I've read a recent comment in another blog about my original posting on SQLServer2005 and SSIS. I've also been talking with Microsoft on their product line, and improvements that are on the way. While I can't disclose what Microsoft is working on, I can talk about the type of experiment that I'm writing about, and why I staged it the way I did.

Before I launch into the explanations, let me just say that I've been working with Performance and Tuning of overall systems for over 15 years. The sizes of systems that I work on these days are 50 Terabytes to multi-petabytes of information - usually these systems are massive numbers of CPU's, massive numbers of I/O channels (High speed), MPP shared nothing architectures with SMP units underneath, and so on.

The blog I'm replying to is here: http://bencraigo.wordpress.com/2007/04/01/trench-report-ssis-and-sql-server-2005/

What I'm doing is intentional as far as table scans go. I am familiar with the hints that he has suggested, however I have a few comments about those hints.

First, when I deal with transactional data - I like clustered indexes, however when I deal with time-based data warehouse information, clustered indexing can "kill" what otherwise would be a good query plan; regardless of the column choice for clustering.

Second, most of the queries I'm using require 80% of the data or more in the table, it's been proven time and time again that table scans are most efficient when 80% (or more) of the data set is necessary in order to answer the query.

Third, usually the type of data sets I deal with (in volume), SQLServer can't even begin to touch (at least on a laptop). I typically work with 50 Terabytes to 1.5 Petabytes or more, obviously this type of information is on a highly scalable platform with 48 to 64 CPU's, and 64 GB to 200GB of RAM, and multiple disk conections (independantly switched fibre channels).

Fourth in my discussions with Microsoft directly, according to them, they "don't want to play in the super-big (VLDB) arena", however if someone "wants" to scale their SQLServer, they will do everything in their power to help out. Their objective is to be on everyone's desktop at a reasonable price. What I'm suggesting is that if this is their goal, then they need to adjust the performance for "everyone's laptop" - so that a single disk channel, dual RAM bank, and single CPU work in congruance with some level of standard partitioning and performance metrics.

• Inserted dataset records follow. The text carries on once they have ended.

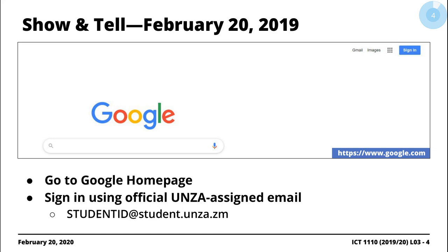Just a quick show and tell on how you access your email account, because it's really important. It turns out that ONES assigned email addresses are associated with Google — Gmail. ONES has an MOU with Google, so your emails are being hosted on Google servers. What you do is go to the Google homepage, making sure you're not logged in with your personal email account.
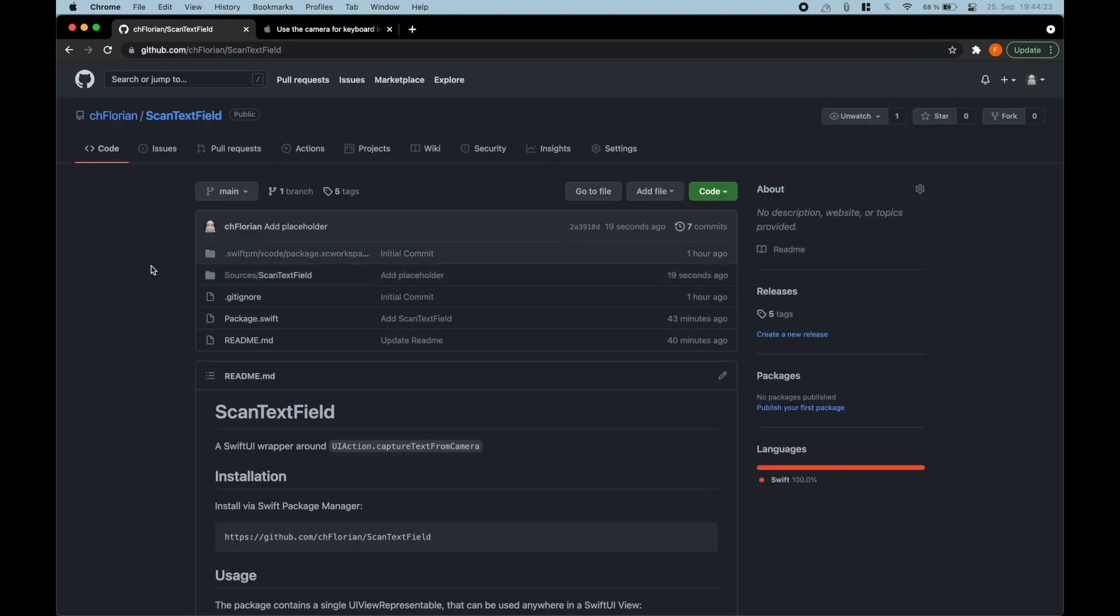Today I've actually made things really easy for us, I just created a package. The thing is that the capture text from camera is only supported in UIKit natively, so this is just a very easy wrapper around it for SwiftUI.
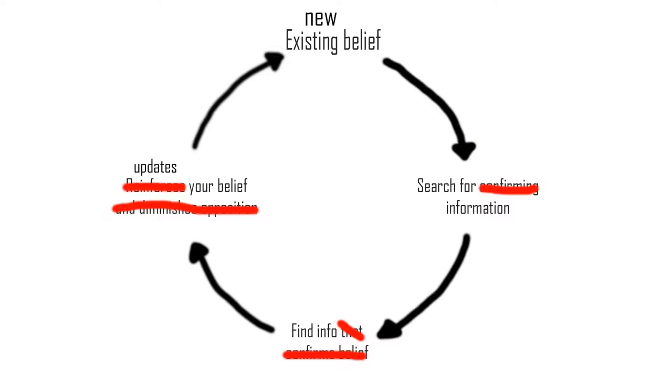This allows you to break down the cycle of confirmation bias right from the beginning, turning your new cycle into searching for information, finding new information, and updating your existing belief.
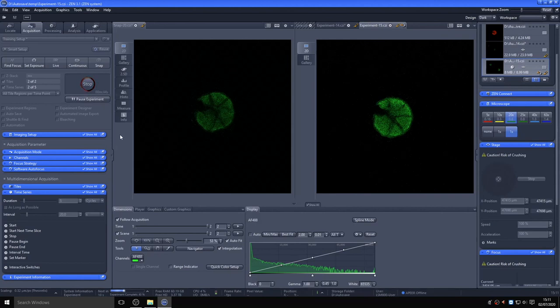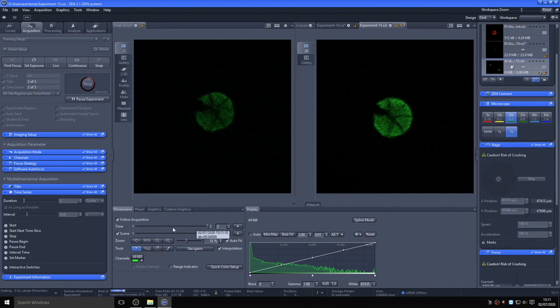In the finalized image file, you can now move between the different positions, also known as scenes, and at different time points by moving the appropriate sliders.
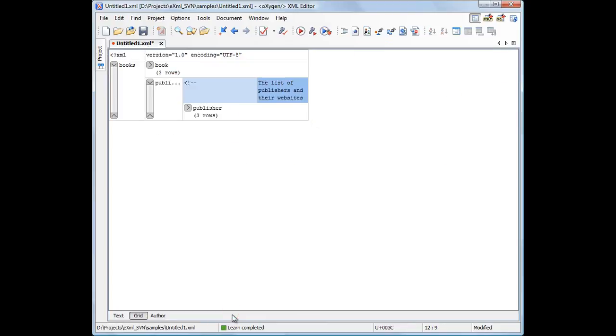Note that all XML editing features from the Text mode are also available in the Grid mode. You can validate, execute XPath expressions or apply transformation scenarios. And this concludes our demonstration. Thanks for watching.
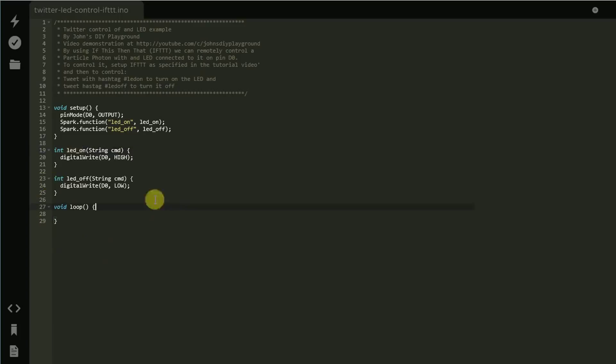When you have that all set, just go ahead and you can flash it using this web IDE by clicking that and you'll see your particle photon will start flashing magenta and take on the new code. And then we're ready to move on to the next step.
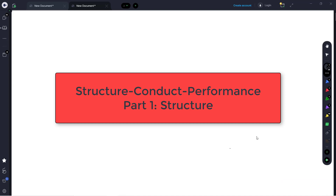Hello, everyone. I'm Sebastian Wye, and this is Managerial Economics. In this set of videos, I'm going to introduce the field of Industrial Organization and the Structure Conduct Performance Paradigm. In this video, I'm going to give an overview and then start talking about structure.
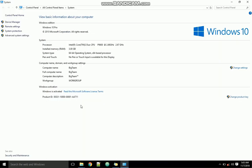...we're going to hit Properties. Properties opens up this window where you can see our Windows version, information about our system, computer name, domain and workgroup, and Windows activation. We can see that Windows edition is Windows 10.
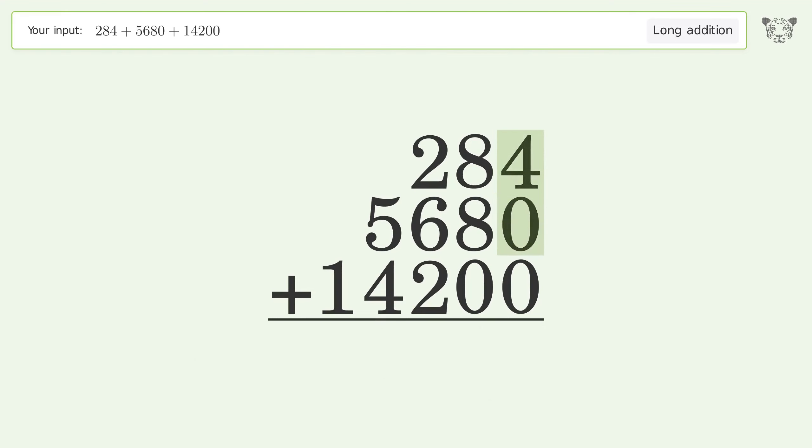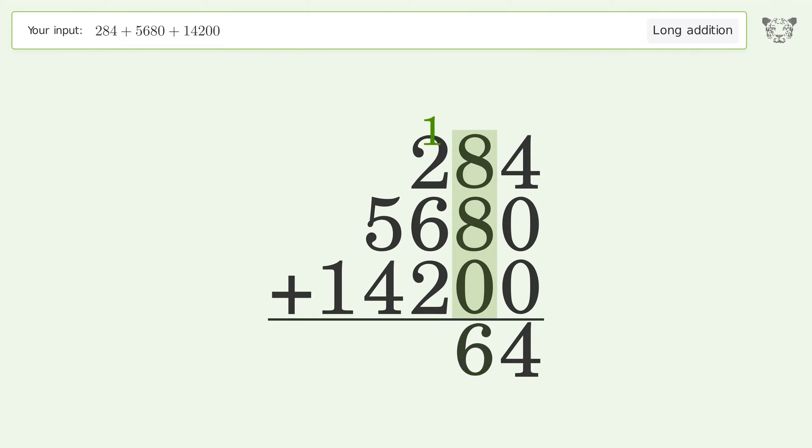4 plus 0 plus 0 equals 4. 8 plus 8 plus 0 equals 16. Carry 1 to the hundreds place.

There are additional problems with running SQLServer on a laptop, I'm also running Win32 in which the PageFile.sys is a single-strung read/write (I/O) mechanism - unfortunately this greatly hinders all threaded performance at the I/O level (which is a true bottleneck). I realize that 64 bit Windows, with 64 bit SQLServer may solve several of these issues, however unless I have the horsepower to allow it to work effectively, this solution will "slow me down". In other words, it's not the average laptop that has 64 bit OS, and 64 bit SQLServer, and even if it would, it's not every laptop that would have 6 to 8 GB RAM, with dual quad-core CPU's to run it effectively. Even then, there still remains the question: is PageFile.sys still single strung when the I/O calls to the file are made?

Regarding Index and FillFactor, I use this technique extensively to reduce the I/O reads and writes in the staging areas of a warehouse, however - again the goal was to replicate "average usage" by "average user" on an "average" or default configuration. If the real help is FillFactor of 100% for a "truncate and re-load" table, then the database wizard should help identify this when setting up a particular table structure.

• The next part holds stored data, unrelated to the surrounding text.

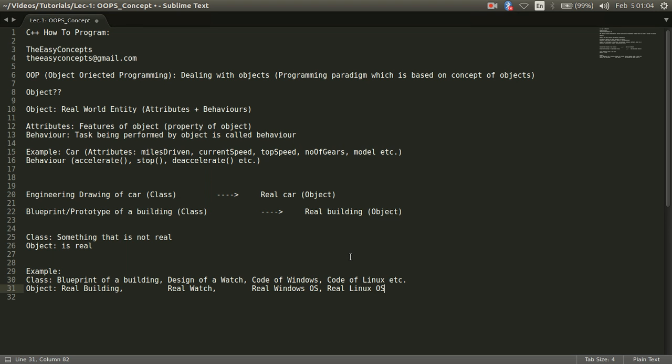So I think we are clear that anything that is real that will be called object. And if we are going to define or we are going to talk about the blueprint or prototype or designing of something, that will be called class.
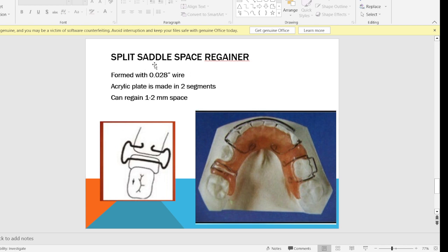The next removable appliance is the split saddle space regainer. It is formed with 0.028-inch wire and the acrylic plate is made in two segments, allowing it to regain up to 2 mm of space. A spring is placed between the split acrylic plate; when the spring is activated, distalization of the molar occurs and space is regained. The space that was lost due to not placing a space maintainer after early loss of a primary molar can thus be regained by these space regainers to facilitate normal eruption of the succedaneous premolar.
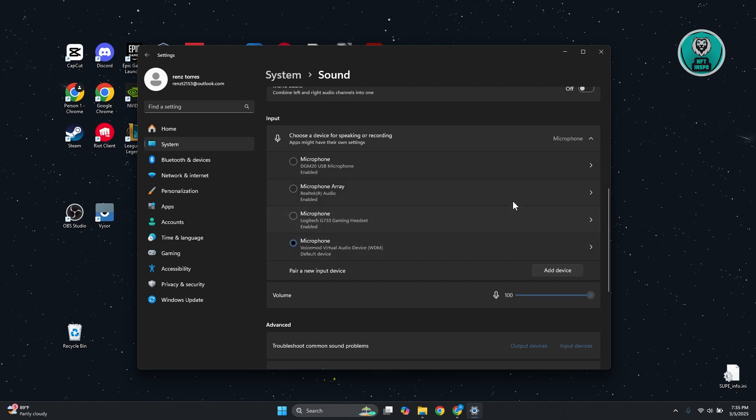And once you've done that, go ahead and make sure it's not actually muted here, especially if you have this muted.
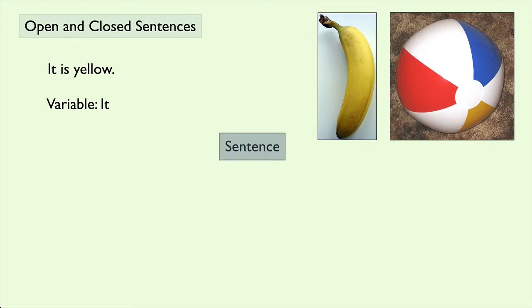So in general, we have sentences. These are things that either state a fact or have a complete idea contained in them. Things that are questions or commands are not considered sentences.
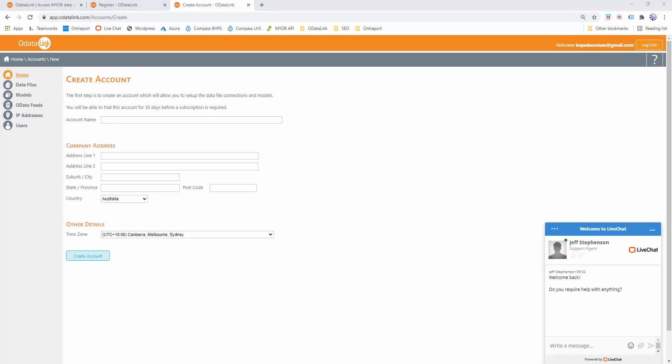The next step is to create your account. This represents the business that will sign up to OData Link. It's also worth noting that the account is used as the billing entity and whose credit card details will be used when you choose to subscribe. The account can connect to one or more Xero data files. A user can actually be associated with one or more accounts. Think of it if you were an accountant, you could actually work with multiple organizations.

About the Column values and sizing: the problem with not using an INT or a decimal(12,0) is as follows: there are proven techniques for data warehousing performance, and joining across millions of rows on varchar or nvarchar of 12 characters or more kills performance worse than joining on an INT in the table. Furthermore the joins must be exact in the data warehousing world, we cannot risk a "full coverage" field value where the repeatability is such that it returns 20% of the data. Now in regards to a full table scan, we needed 80% of the data out of the table anyhow, and there have been numerous tests that show that table scans to return this amount of data are much faster than any indexing system.

There is an excellent book on the market which I thorougly enjoy. It covers a variety of SQL Environments, and the performance and tuning of SQL. It's ISBN is: 0-201-79169-2, title: "SQL Performance Tuning" by Peter Gulutzan and Trudy Pelzer. Now this isn't to say you can believe everything you read, but I will say that I had over 10+ years of performance and tuning experience before picking up this book, and it validated nearly every one of my experiences in the field.

Back to the focus: If Microsoft wants to "be on everyone's desktop" then they need to have tuning features "for the average desktop" out there. I was trying to mimic the standard desktop that one might have running SQLServer2005 and SSIS. Microsoft has also been kind enough to let me know there are lots of tuning knobs and tweaks when it comes to SSIS that help with performance, but addimmited that PageFile.sys is still a performance isue, and that 32 bit OS will always (regardless of the application) put 1/2 of the requested memory in to PageFile.sys and 1/2 the requested memory in to real RAM (if available). This goes for SQLServer as well, which forces all queries to "cache" from disk back to disk.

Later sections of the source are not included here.